Wednesday, July 15, 2009

Anatomy of a Contract - RW Marian Hossa, D Jay Bouwmeester

We chose to examine these two contracts together because they both reveal something about the current state of the NHL. During free agency in a rising salary cap environment, one team is often capable of substantially outbidding the others - players certainly have taken less to go certain places (Scott Niedermayer and Brian Rafalski, as two examples), but this tends to be the exception. In a falling salary cap environment, teams have to be warier about how they distribute their money, and the exceptional offer may never come along. It therefore falls to other preferences - do I want to take less money to be on a winning team? Do I want to play closer to home?

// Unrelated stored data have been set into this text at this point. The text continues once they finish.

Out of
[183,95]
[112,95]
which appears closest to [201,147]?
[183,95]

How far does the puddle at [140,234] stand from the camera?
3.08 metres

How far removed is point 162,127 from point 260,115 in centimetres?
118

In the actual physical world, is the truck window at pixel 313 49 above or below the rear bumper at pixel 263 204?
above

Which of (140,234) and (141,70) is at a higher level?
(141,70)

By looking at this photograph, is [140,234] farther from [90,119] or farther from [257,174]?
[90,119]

Marian Hossa's contract is an example of one signed by a player who wants to 'win'. He'll be playing for an exceptionally young team that went to the Conference Finals - Hossa signed a 12 year, 62.8 million dollar deal. While highly reputable hockey people such as sundstrom at contended that Hossa would get below 7.5 million/season in his contract, it is still surprising that Marian signed up for such a low figure - of course, it is not really a low figure at all, as Hossa will be paid 7.9 million over the first 8 seasons of the deal. It would be surprising if a team like the New York Rangers did not offer more. However, the Blackhawks are much closer to a Stanley Cup than the Rangers, and Hossa has gotten tantalizingly close to lifting Lord Stanley the last two years.

Jay Bouwmeester's contract is similar - there is no front-loading, but Bouwmeester will be playing in his home province of Alberta. He never made it to the market, but it is difficult to imagine that he would not have received offers higher than $6.6 million over five years. In taking a hometown discount, he gives the Flames a better chance at collecting the players they need to win.

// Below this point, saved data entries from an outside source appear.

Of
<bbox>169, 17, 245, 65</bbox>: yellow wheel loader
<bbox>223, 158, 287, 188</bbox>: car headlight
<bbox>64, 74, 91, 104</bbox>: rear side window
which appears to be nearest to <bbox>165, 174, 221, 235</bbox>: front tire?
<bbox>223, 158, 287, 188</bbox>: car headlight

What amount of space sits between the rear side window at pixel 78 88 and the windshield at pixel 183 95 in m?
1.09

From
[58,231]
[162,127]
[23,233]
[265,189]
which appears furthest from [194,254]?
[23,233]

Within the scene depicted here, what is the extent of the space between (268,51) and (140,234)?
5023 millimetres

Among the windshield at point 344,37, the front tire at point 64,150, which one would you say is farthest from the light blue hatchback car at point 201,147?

There are lots of other contracts that appear to be of this sort - Saku Koivu and John Madden's come to mind - where players chose either comfort or winning over dollars. Expect more of these contracts in the coming weeks, as there are still some solid free agents lurking in the shadows. GMs around the league had best be aware of all these possible enticements - they can certainly be the difference between signing a player and watching him go elsewhere.

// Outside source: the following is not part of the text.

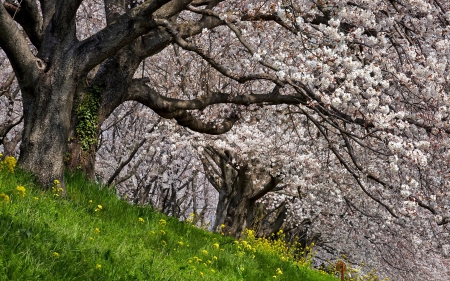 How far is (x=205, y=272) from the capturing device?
19.3ft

  1. It's nice to see you blogging about the sport you know so much about.

    The one thing which I find more interesting is the cap hit. Like for Hossa, it's 5.233. Not too bad. For a marquee player, it leaves room for maneuverability. Too bad the Hawks locked into Campbell and Huet bc next summer Toews, Kane and Keith are rfa's.

  2. thanks for the compliments, nice to see you here derek.

    yeah the hawks are definitely going to look much different in 2010, but i think they're the stanley cup favorites heading into the season.